> **What the task requires**
The reply should consist of the line containing "a kitchen and" and all lines after it in the listing below, reproduced exactly and nothing more.

> **Given records**
============================================================
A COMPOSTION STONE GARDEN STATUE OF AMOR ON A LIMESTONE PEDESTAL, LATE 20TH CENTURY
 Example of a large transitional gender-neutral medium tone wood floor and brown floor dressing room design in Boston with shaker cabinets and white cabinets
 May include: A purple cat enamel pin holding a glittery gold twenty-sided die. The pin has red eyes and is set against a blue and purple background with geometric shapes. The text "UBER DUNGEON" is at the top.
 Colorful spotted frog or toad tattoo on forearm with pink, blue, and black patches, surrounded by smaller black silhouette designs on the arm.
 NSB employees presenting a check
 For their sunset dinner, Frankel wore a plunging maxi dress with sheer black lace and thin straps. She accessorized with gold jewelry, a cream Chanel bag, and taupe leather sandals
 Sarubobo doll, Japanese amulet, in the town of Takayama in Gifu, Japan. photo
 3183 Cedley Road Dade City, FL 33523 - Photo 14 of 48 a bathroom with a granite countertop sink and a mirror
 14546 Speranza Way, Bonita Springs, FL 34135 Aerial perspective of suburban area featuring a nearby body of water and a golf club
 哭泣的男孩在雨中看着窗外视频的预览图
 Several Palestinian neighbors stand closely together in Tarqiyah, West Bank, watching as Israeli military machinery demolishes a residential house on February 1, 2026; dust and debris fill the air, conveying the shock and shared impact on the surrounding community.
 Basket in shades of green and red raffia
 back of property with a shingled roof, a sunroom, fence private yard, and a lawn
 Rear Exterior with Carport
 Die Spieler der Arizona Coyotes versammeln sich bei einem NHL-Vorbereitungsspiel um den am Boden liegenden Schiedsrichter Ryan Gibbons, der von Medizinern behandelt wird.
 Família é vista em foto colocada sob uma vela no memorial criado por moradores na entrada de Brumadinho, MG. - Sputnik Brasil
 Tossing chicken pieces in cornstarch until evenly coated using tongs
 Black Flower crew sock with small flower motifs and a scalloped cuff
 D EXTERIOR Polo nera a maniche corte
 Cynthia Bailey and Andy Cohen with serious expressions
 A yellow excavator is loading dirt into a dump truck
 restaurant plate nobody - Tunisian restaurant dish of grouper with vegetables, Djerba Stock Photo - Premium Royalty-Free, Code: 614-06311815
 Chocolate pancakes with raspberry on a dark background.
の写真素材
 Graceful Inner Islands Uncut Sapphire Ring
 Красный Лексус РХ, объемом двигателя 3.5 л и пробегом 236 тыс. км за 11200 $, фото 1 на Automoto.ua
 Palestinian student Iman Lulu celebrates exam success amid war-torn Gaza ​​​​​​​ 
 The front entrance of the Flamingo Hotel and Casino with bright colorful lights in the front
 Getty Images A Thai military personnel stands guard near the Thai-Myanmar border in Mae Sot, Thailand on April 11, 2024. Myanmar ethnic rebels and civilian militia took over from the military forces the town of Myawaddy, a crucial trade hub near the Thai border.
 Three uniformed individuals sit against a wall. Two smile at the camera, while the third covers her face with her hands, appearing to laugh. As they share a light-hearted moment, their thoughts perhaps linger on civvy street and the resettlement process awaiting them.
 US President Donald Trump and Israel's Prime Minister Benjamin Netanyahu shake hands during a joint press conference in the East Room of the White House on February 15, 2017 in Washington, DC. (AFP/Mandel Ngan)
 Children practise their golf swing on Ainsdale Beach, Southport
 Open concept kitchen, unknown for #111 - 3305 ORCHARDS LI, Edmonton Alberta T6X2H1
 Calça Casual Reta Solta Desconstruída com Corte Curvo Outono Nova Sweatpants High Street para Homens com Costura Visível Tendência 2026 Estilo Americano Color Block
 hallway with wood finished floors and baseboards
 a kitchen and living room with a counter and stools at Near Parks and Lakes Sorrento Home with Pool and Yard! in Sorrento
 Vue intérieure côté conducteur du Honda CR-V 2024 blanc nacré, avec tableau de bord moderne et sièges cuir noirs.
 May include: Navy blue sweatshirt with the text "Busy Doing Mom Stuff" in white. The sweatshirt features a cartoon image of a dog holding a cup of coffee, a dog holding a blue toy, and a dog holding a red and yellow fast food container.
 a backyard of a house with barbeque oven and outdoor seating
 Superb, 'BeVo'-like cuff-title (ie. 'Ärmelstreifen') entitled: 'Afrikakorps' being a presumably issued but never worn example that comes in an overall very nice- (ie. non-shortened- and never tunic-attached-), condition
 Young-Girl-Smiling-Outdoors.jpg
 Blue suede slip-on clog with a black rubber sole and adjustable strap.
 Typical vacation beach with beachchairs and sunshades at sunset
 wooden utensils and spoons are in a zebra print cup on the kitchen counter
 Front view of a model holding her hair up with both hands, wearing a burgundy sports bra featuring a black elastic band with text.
============================================================
> **Result**
 a kitchen and living room with a counter and stools at Near Parks and Lakes Sorrento Home with Pool and Yard! in Sorrento
 Vue intérieure côté conducteur du Honda CR-V 2024 blanc nacré, avec tableau de bord moderne et sièges cuir noirs.
 May include: Navy blue sweatshirt with the text "Busy Doing Mom Stuff" in white. The sweatshirt features a cartoon image of a dog holding a cup of coffee, a dog holding a blue toy, and a dog holding a red and yellow fast food container.
 a backyard of a house with barbeque oven and outdoor seating
 Superb, 'BeVo'-like cuff-title (ie. 'Ärmelstreifen') entitled: 'Afrikakorps' being a presumably issued but never worn example that comes in an overall very nice- (ie. non-shortened- and never tunic-attached-), condition
 Young-Girl-Smiling-Outdoors.jpg
 Blue suede slip-on clog with a black rubber sole and adjustable strap.
 Typical vacation beach with beachchairs and sunshades at sunset
 wooden utensils and spoons are in a zebra print cup on the kitchen counter
 Front view of a model holding her hair up with both hands, wearing a burgundy sports bra featuring a black elastic band with text.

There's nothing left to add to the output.